▶ [TASK GOAL]
Print the listing below exactly, minus its pictures.
****************************************
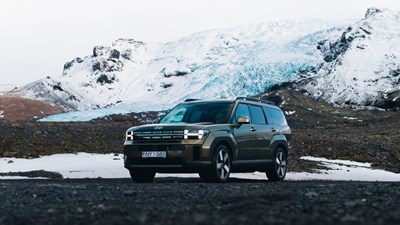 4x4 rental in Iceland: Route and season requirements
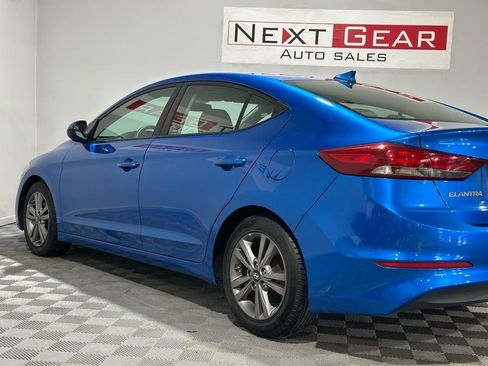 Used 2017 Hyundai Elantra SE FWD image 7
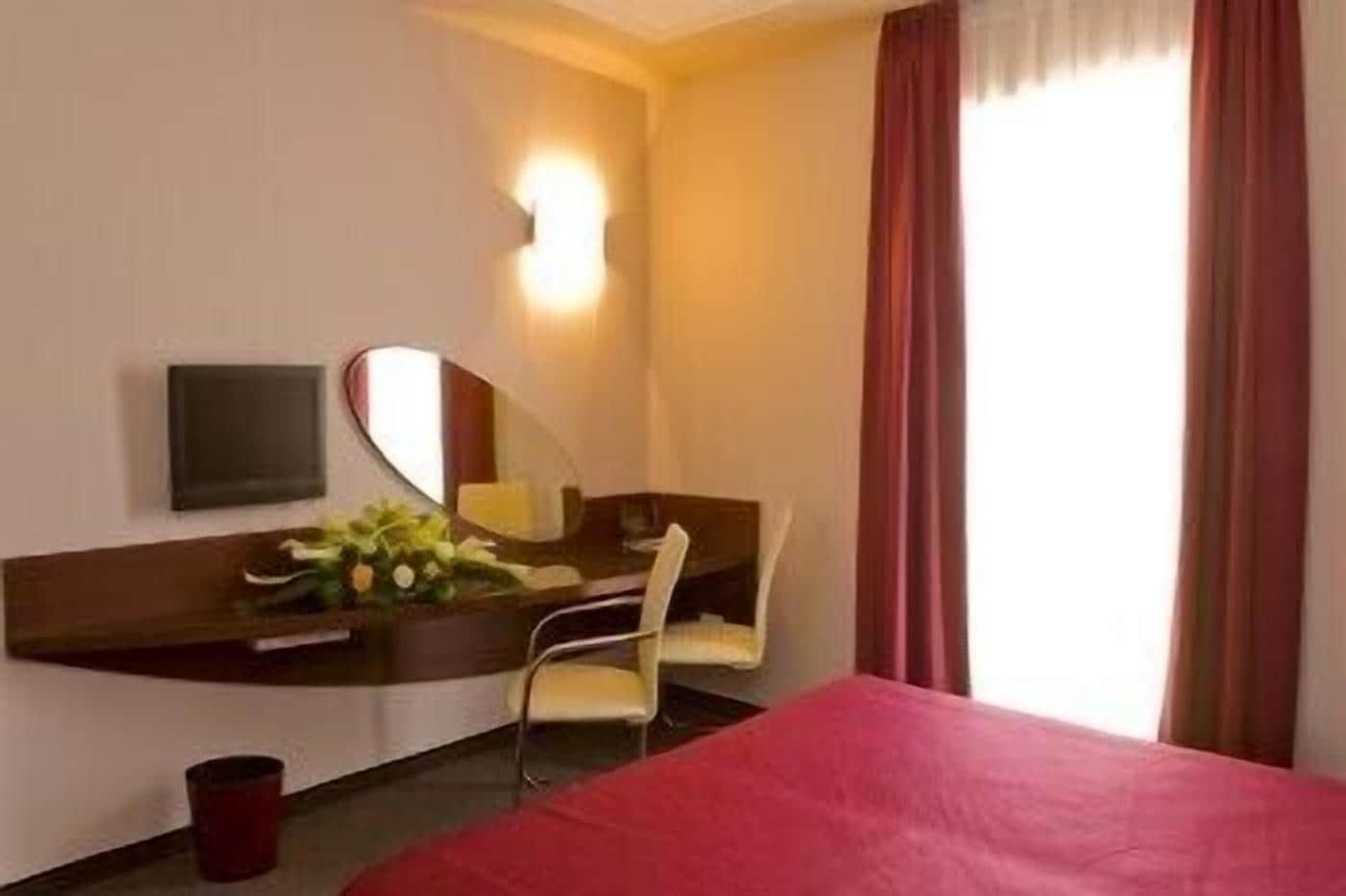 Hotel Ambra Quarto d'Altino Bagian luar foto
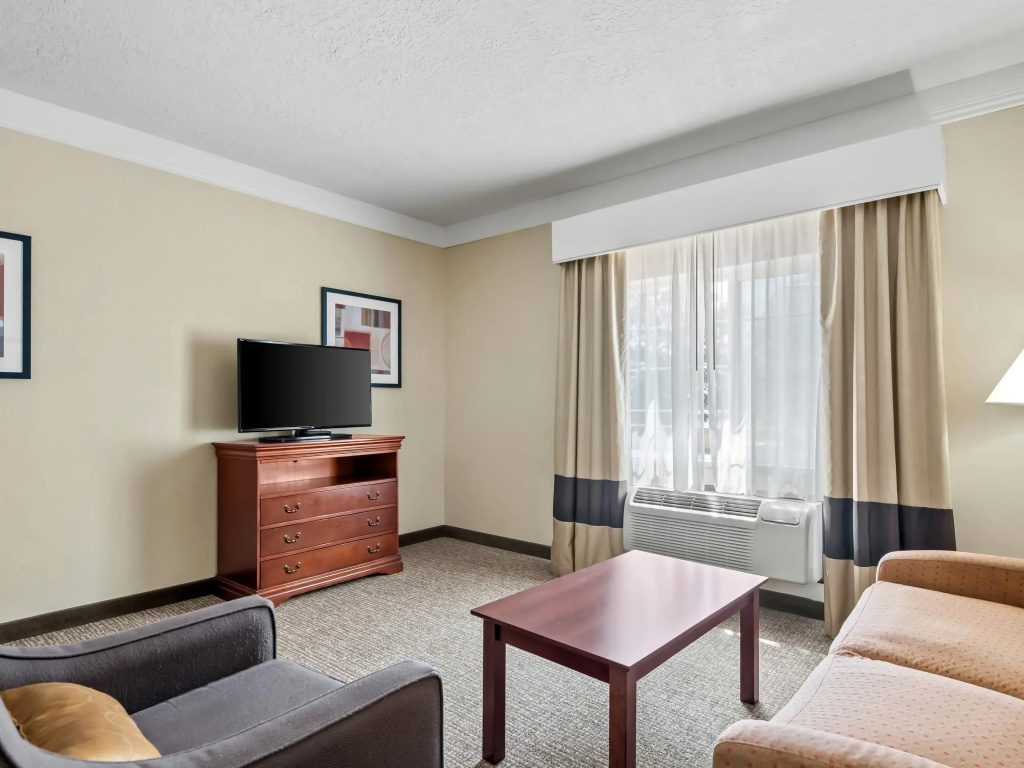 Comfort Suites Linn County Fairground and Expo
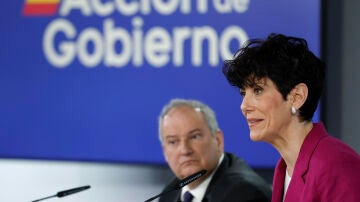 Elma Saiz, en rueda de prensa en Moncloa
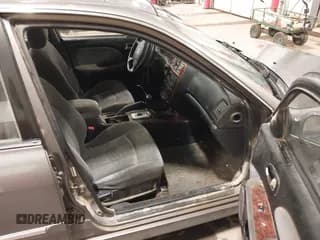 ✅ 2003 Hyundai Sonata GLS • VIN: KMHWF35H83A876981 • Lot: 42303654. Wystawiony na IAAI z przebiegiem 99 462 mil. Bezpłatny archiwum sprzedaży aukcyjnych z USA i szczegółowy raport historii pojazdu na DreamBid. Zdjęcie 5.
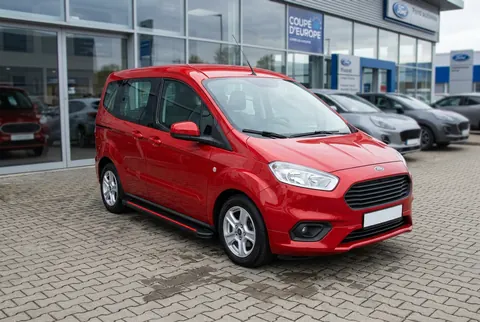 Бокові пороги Maya Red (2 шт., алюміній) для Ford Courier 2014-2023 рр — Ford Courier 2014-2023 гг. DianaParts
****************************************
▶ [OUTPUT BELOW]
 4x4 rental in Iceland: Route and season requirements
 Used 2017 Hyundai Elantra SE FWD image 7
 Hotel Ambra Quarto d'Altino Bagian luar foto
 Comfort Suites Linn County Fairground and Expo
 Elma Saiz, en rueda de prensa en Moncloa
 ✅ 2003 Hyundai Sonata GLS • VIN: KMHWF35H83A876981 • Lot: 42303654. Wystawiony na IAAI z przebiegiem 99 462 mil. Bezpłatny archiwum sprzedaży aukcyjnych z USA i szczegółowy raport historii pojazdu na DreamBid. Zdjęcie 5.
 Бокові пороги Maya Red (2 шт., алюміній) для Ford Courier 2014-2023 рр — Ford Courier 2014-2023 гг. DianaParts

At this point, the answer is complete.